Misogyny, Antisemitism, and Islamophobia in the San Diego Mosque Shooting

Despite extensive misogynist content in the two shooters’ manifestos, discussion of the intersection of male supremacism with xenophobia, Islamophobia, antisemitism, and white supremacism is hard to find in the reporting on yesterday’s tragic shooting at a San Diego mosque.

Both manifestos identify among their inspirations the perpetrator of the 2014 Santa Barbara mass killing targeting a sorority; the 1989 Montreal attack targeting women in engineering school; and the 2011 Norway Social Democrats’ youth camp attack that killed 77 people, mostly children and young adults. The first manifesto, “MisanthropistCEL,” refers to perpetrators as “incel saints,” a popular trend of claiming and glorifying violent perpetrators in misogynist incel communities. The title of the manifesto itself follows the community’s use of the suffix “-cel” to create their own self-identifications.

As discussed in our white paper released last month, male supremacism, with its foundation in dehumanization and entitlement, provides justification of violence, “whether explicitly motivated by misogyny or associated with another ideology. A vital element of the study of violence is the basic fact that cisgender men are the primary perpetrators of all types of violence, including the vast majority of acts of mass violence.” The May 18th perpetrators glorify violence and also identify as accelerationists, a “term used by white supremacists and other extremist groups to refer to ‘their desire to hasten the collapse of society as we know it’” through violence.

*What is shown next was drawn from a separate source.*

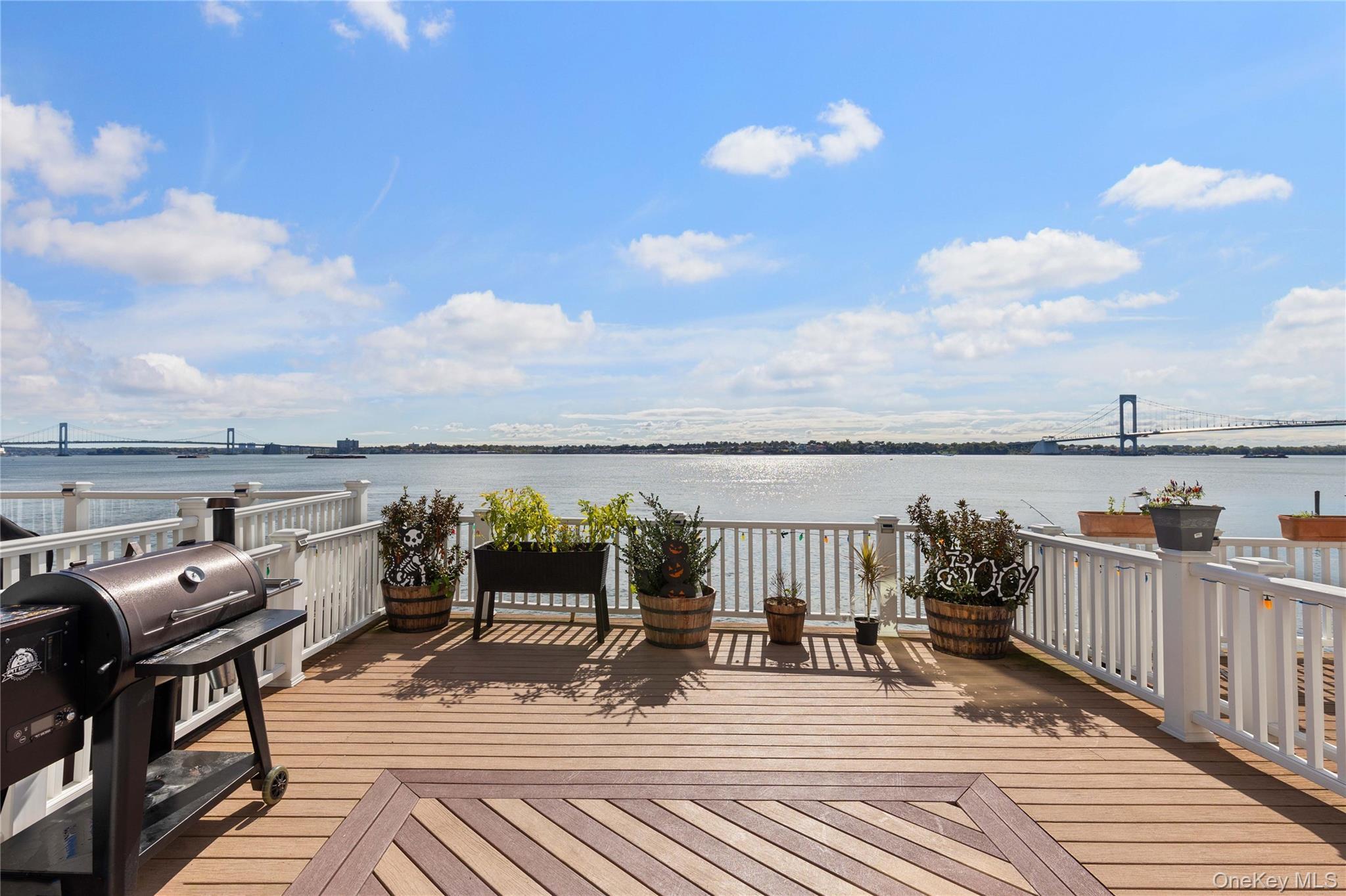 Condo Marisa  Bronx, NY 10465, MLS-901982-22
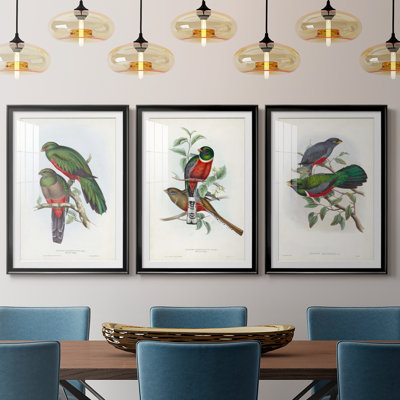 Gould Tropical Birds I - Impression personnalisée de qualité supérieure avec cadre mat - 3 pièces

Yesterday’s attack on the Islamic Center of San Diego–which resulted in the deaths of three victims, Amin Abdullah, Mansour Kaziha and Nader Awad–and the limitations of the early media coverage are reminiscent of the 2011 Norway Social Democrats’ youth camp massacre. (Abdullah, a security guard, is credited as preventing yesterday’s perpetrators from accessing areas of the mosque where there were more than 100 kids.) Most of the coverage of the Norway attack focused on the perpetrator’s Islamophobia and xenophobia, neglecting the role of antifeminist conspiracism; his manifesto blames “radical feminism” for Muslim immigration through the destruction and feminization of Western culture, viewing feminists as controlling the media, education, and government.

The manifesto starts with deep antisemitism, then moves on to misogyny in the next section, writing, “After the Jew the most evil creature in this world is the woman.” The section uses a popular dehumanizing slur used in misogynist incel communities, one of a few abbreviations for “female humanoid organism,” a phrase intended to portray women as not actually human, despite appearances. Then, the manifesto moves on to what it calls the “bioweapons” of Jews, naming the threat of Muslim invasion, identifying South American immigrants as an invasion, advancing anti-Black racism, and using anti-gay and virulent anti-trans rhetoric. This follows the trend of many antisemitic conspiracy theories, which view Jewish people as pulling the strings and using other groups as pawns to advance their agenda. While supremacist beliefs regularly appear with such intersections of multiple dehumanizing and conspiracist ideologies, coverage often appears to struggle with this, focusing on one ideological strand and neglecting the other elements of the belief system.

The perpetrator indicates that he has been “quite involved in online incel culture” since 2022 and self-identifies as “a misogynist,” though suggests Volcel as a more accurate term for himself than Incel. (While incel stands for “involuntarily” celibate, volcel stands for “voluntarily celibate,” a term used primarily by heterosexual men who decide to opt-out of pursuing sexual relationships, usually due to hatred and suspicion of women.) Rachael Fugardi, Southern Poverty Law Center researcher and IRMS board member, identified a profile on the major misogynist incel forum under one of the usernames that he claims to use. The lengthy involvement in misogynist online communities by the perpetrators, 17- and 18-year-old cisgender boys, calls attention to the known problem of youth being exposed to supremacist and hateful content early on, and the need for violence and supremacism prevention strategies that begin in early childhood education.

This post will be updated as IRMS researchers have time to further explore the manifestos and responses to the May 18th San Diego mosque attack.